Cathodyne PIs work very well with smaller input signal types like EL84s and 6V6s. I re-build Hammond organ and old PAs and all of them have the cathodyne PI and sound great and have excellent overdrive sounds. One of the more well known amps, the Peavey Classic 30 uses one. The thing about the cathodyne is that you only use one triode and it operates at a slight loss, but have the other triode to put in front of it for a driver. If you have too much gain, just re-do the driver stage for less gain. Adjust to taste.

Is that extra dot left of the third stage grid load just a blob (?) or place to add a resistor to make a divider should you choose to? Because that would be exactly what I was referring to above.

Looks good to me. The only thing I'll add is that if you look at the G40V schem you'll see that the tone stack is voiced hard into the midrange. I expect that is to get more useful grind under overdrive conditions. Your design is voiced broader and may sound more "Fendery" when overdriven. But it will certainly do a better clean jazz tone. Small taters if you ever wanted to revoice it.
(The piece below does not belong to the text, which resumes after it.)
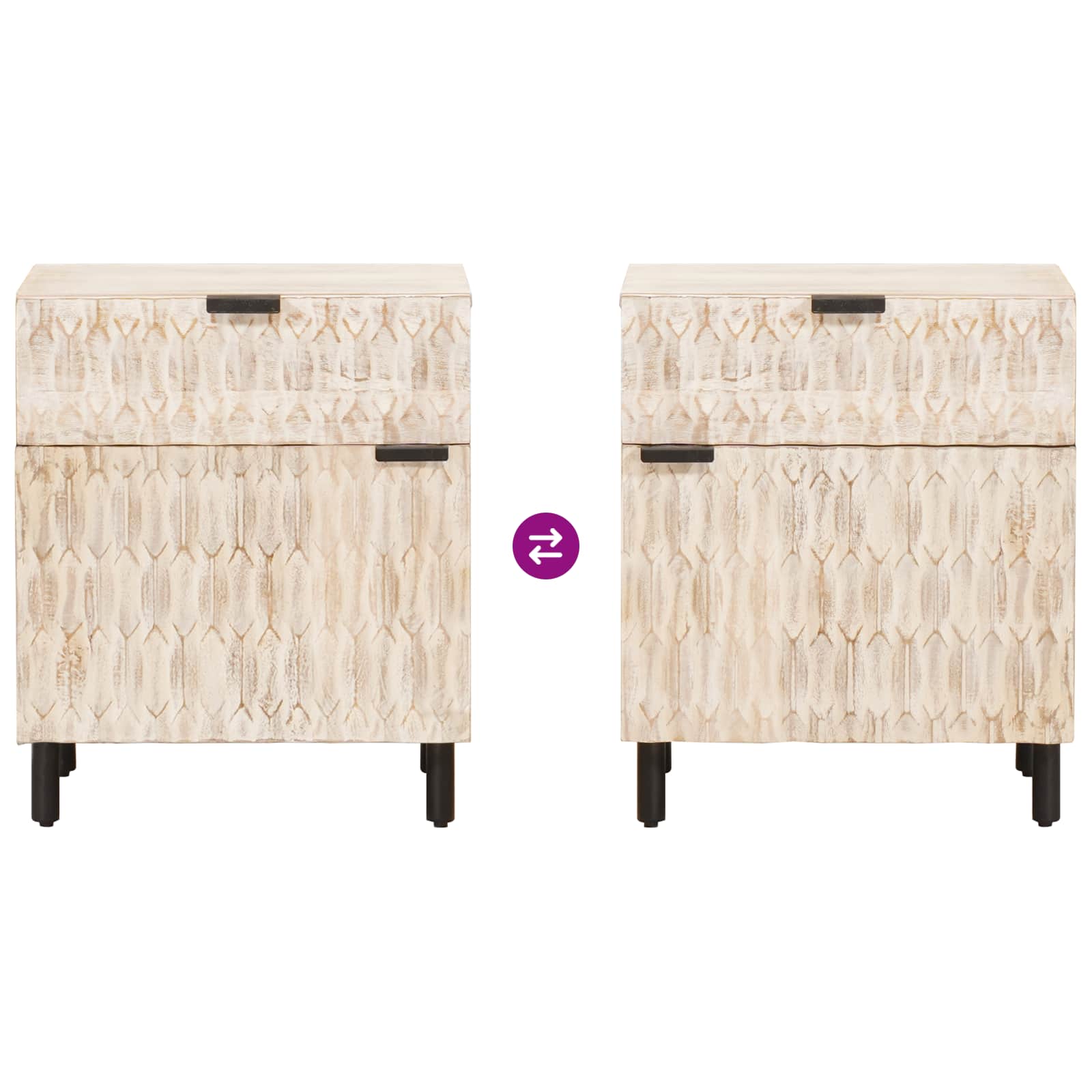 Cabinet de chevet Blanc 50 x 33 x 60 cm Bois de mangue massif - XIOS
Don't sweat having a design similar to others. Especially when you "discovered" the design post facto. My signature design is somewhat (to a lot) similar a TrainWreck circuit. I designed it about five years before there was any TW circuit information on line. After seeing the TW design I decided to try the cold clipping third stage. I liked it. I'm using a different value, but the inclusion of that circuit obviously made my design THAT much closer to the TW topology. I have no doubts that anyone familiar with the TW circuits would assume that this is "my take" on it. IT'S MY ORIGINAL DESIGN!.. But I digress... My point is... There's not much new under the sun WRT tube amps. How many times has the same song been written, the same story told or the same fashion created? Fuggit about et.

I use an LTP with my own fav el84 design, but I'm working on a new thing with a cathodyne (should "cathodyne" be capitalized since it's non descriptive designator and a moniker?). Some amp designs do very well driving the piss outta el84's My new el84 design is going to be more of an uber gain preamp with very little over driving of the power tubes so I figure I can spare a gain stage at the PI. More in line with your ideology maybe. With this topology and intention it's even possible to do some tone shaping with the stage feeding the cathodyne and still have enough drive to the power tubes I love el84's. A very elastic tube to design with.

I use a VKC with my favorite el84 design.

Very Kool Cathodyne? Variable Kathode Current? Vermicious Knid Critter? (Willy Wonka anyone?)

Now you're just messin' with us